The first problem is basically intractable without specific knowledge. (I can fix George Eliot by hand, but no other way). The second we can get actually get some data on, though. Authors are identified by their first initial alone in about 10% of the books I'm using (1905-1922, Open Library texts). It turns out we can actually figure out a little bit about what gender they are. If this is a really important phenomenon in the data, then it should show up in other ways.
Here's one way to look at that. For every letter, we can find the percentage of books using only the initial for authors with that letter. So for example, 11% of all books by people whose names start with "J" (James, Jessicas, etc.) are just by "J." Only 6% of those by people whose names start with "D" are.
Moreover, for every letter we know from the census the real distribution in the population of that name. 90% of all M's are female; 85% of all T's are male.
We can combine those two, and see whether women's letters are used as initials more than men's letters are. I was hoping this might provide evidence for a whole raft of female authors in the library hiding behind their initials. But that turns out, as far as I can tell, not to be the case. In fact, majority-female letters are probably less likely to be used instead of full names than are majority-male letters.
[Edit--Note: size is the frequency of that letter beginning first names in the census.]
So the intuition here is that if someone's bookplate says "W. Brown," their name is most likely William or Willard; if "M. Black", it's probably Mary or Marian. If women use initials, the ratio of just "M." to Mary/Marian/Michael should be higher than that of just "W." to Willard/William/Willa. And that looks untrue.

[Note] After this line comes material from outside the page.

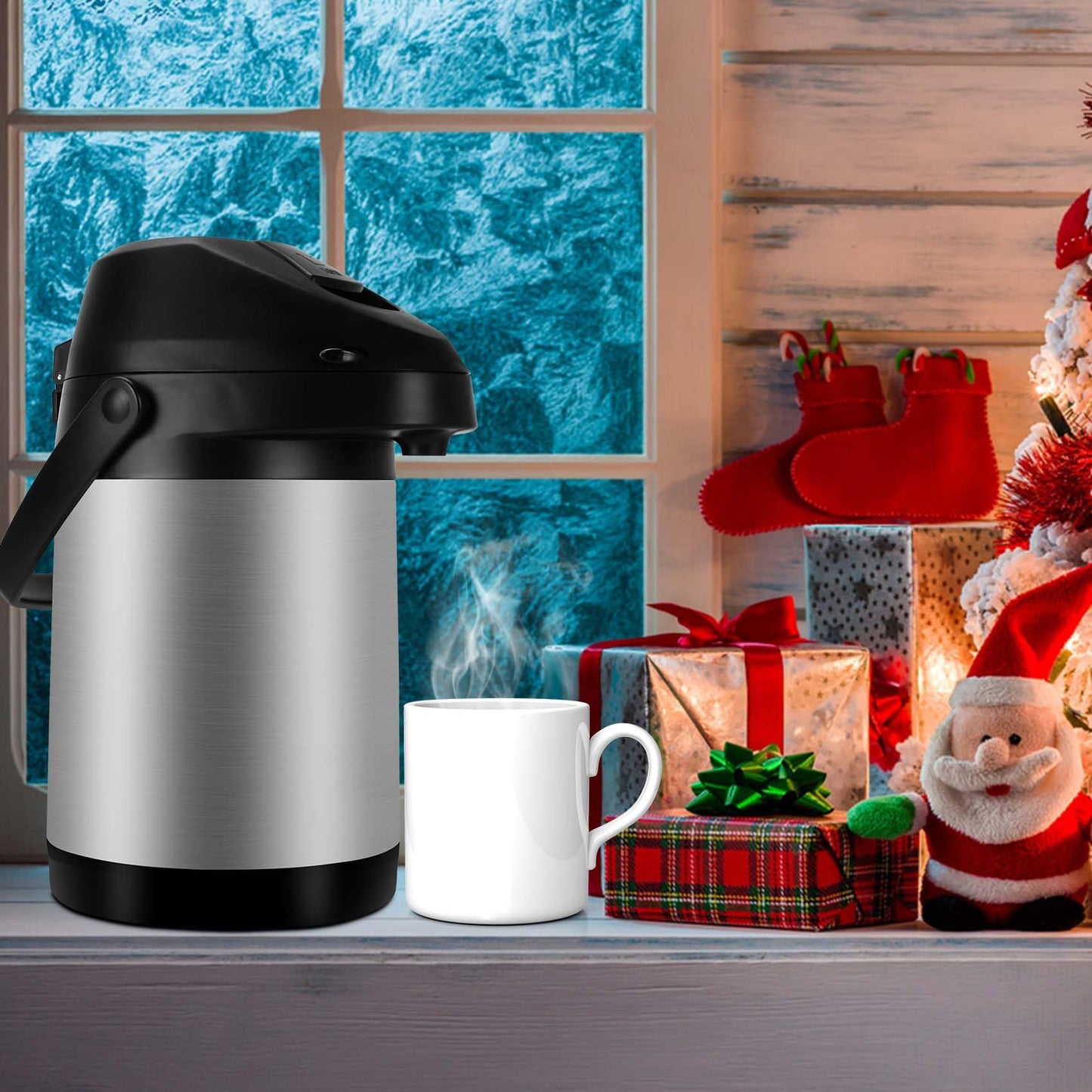 101Oz (3L) Airpot Coffee Carafe with Pump, Stainless Steel Double-wall Insulated Thermal Coffee Carafe Dispenser, 12 Hour Heat 24 Hour Cold Retention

Personally, I find this a disappointing result. I went in this looking for some nice evidence that women were publishing under their initials at significant rates: enough to make me think twice about gender when pulling an initialed book off the shelves. That seems not to be the case. (Although, it's worth remembering that in many cases, the title on the bookplate is shorter than that in the library catalog, so it's still possible). It's possible to come up with scenarios where it's still important--maybe Mary's don't even bother using initials since their gender is obvious, and Juliet's almost always do, since they know they'll be mistaken for James?--but I can't think of any really plausible ones. Can you?